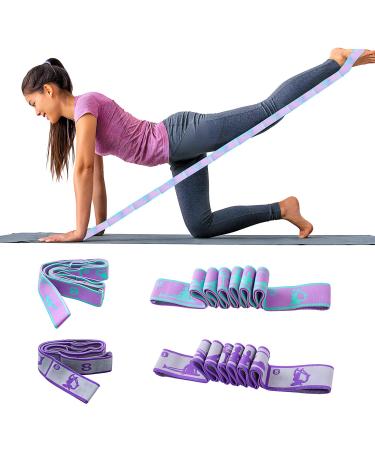 2 pieces Yoga Stretching Band Yoga Block Yoga belt with 8 loops resistance bands fitness straps band for effective stretching and yoga training for yoga enthusiasts and athletes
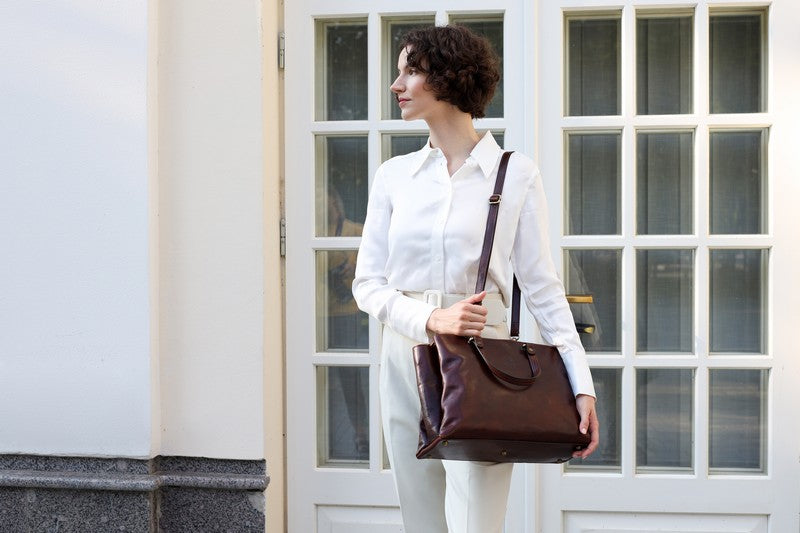 Leather Tote Bag Shoulder Bag for Women – The Scarlet Letter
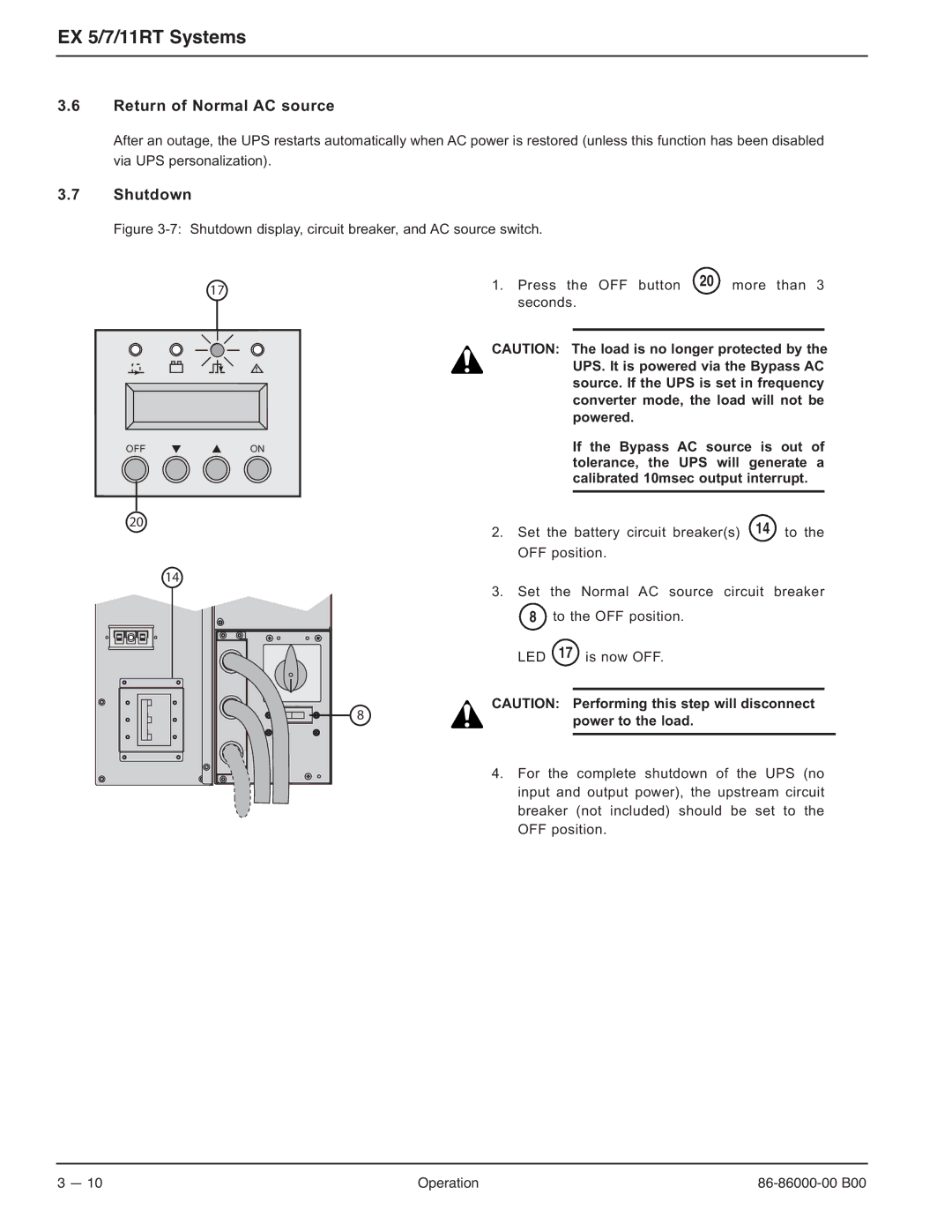 MGE UPS Systems EX-5, EX-7, EX-11RT manual Return of Normal AC source, Shutdown, Power to the load 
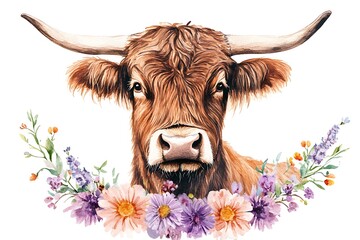 Highland cow floral portrait, farm, spring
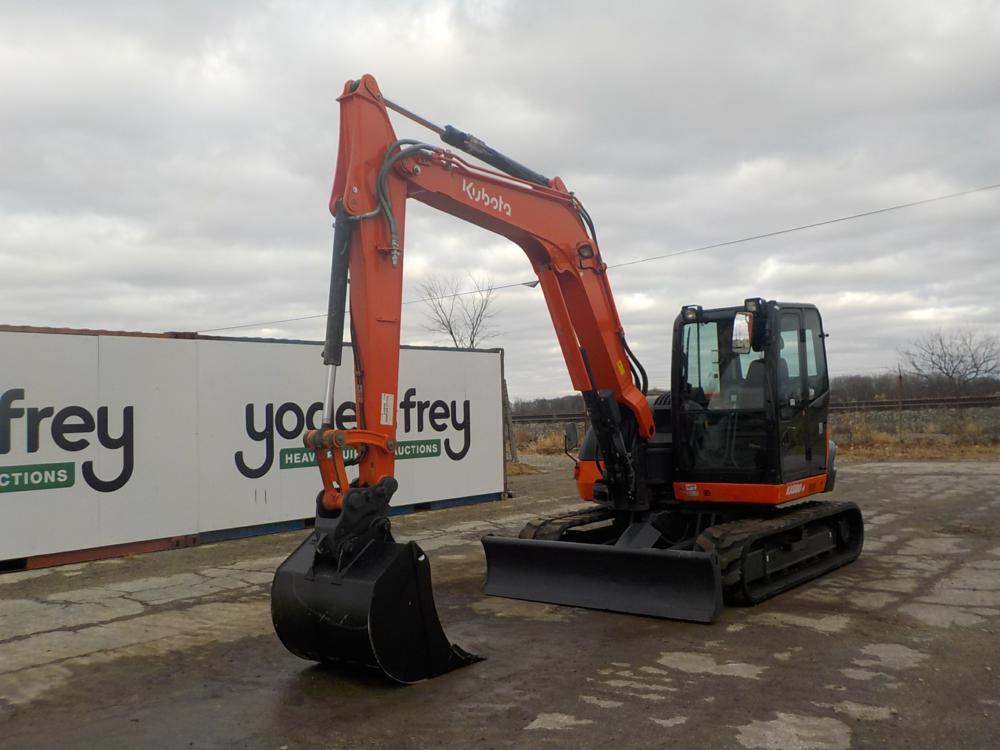 2016 Kubota KX080-4 Excavator c/w Cab, A/C, Rubber Tracks, Blade, Swing Boo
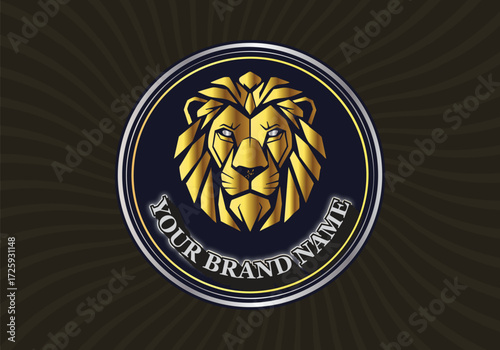 Luxury Golden Lion Head Logo Emblem with Metallic Rings and Elegant Banner Design for Premium Brand Identity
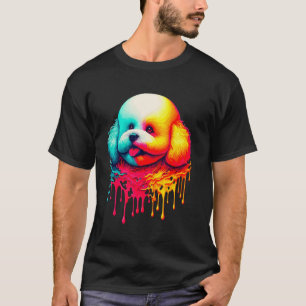 Camiseta Arte de Pintura Gotejante Bichon Frise Bichon Tene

————————

# [INSTRUCTIONS FOR THE TASK]
In the listing above, find the line with "Leather Tote Bag" and the line with "2016 Kubota KX080-4". Copy exactly those two and every line between, without the pictures.

# [RESULT OF THIS EXERCISE]
 Leather Tote Bag Shoulder Bag for Women – The Scarlet Letter
 MGE UPS Systems EX-5, EX-7, EX-11RT manual Return of Normal AC source, Shutdown, Power to the load 
 Highland cow floral portrait, farm, spring
 2016 Kubota KX080-4 Excavator c/w Cab, A/C, Rubber Tracks, Blade, Swing Boo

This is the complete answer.